(Work item) First find the line with "METHOD FOR QUANTITATIVE", then reproduce it and all following lines of the data to the end, exactly and with no pictures, adding nothing.

(Given material)
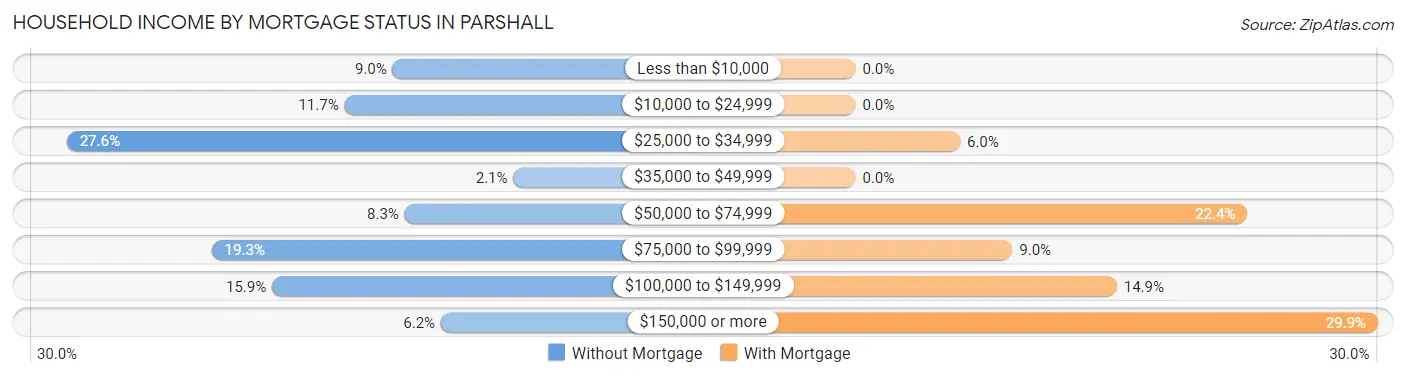 Household Income by Mortgage Status in Parshall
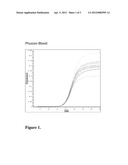 METHOD FOR QUANTITATIVE PCR AMPLIFICATION OF DEOXYRIBONUCLEIC ACIDS FROM A     SAMPLE CONTAINING PCR INHIBITORS diagram and image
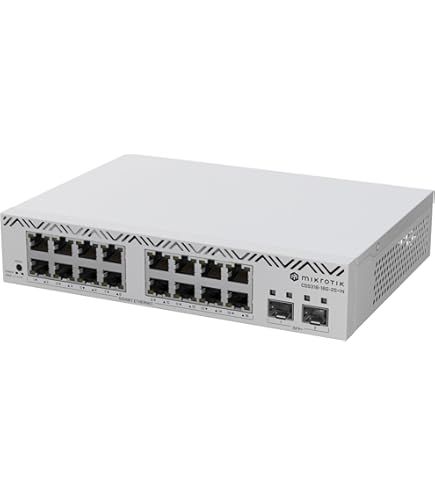Amazon.com: Mikrotik CSS326-24G-2S+RM Managed Gigabit Ethernet (10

(Solved exercise)
 METHOD FOR QUANTITATIVE PCR AMPLIFICATION OF DEOXYRIBONUCLEIC ACIDS FROM A     SAMPLE CONTAINING PCR INHIBITORS diagram and image
Amazon.com: Mikrotik CSS326-24G-2S+RM Managed Gigabit Ethernet (10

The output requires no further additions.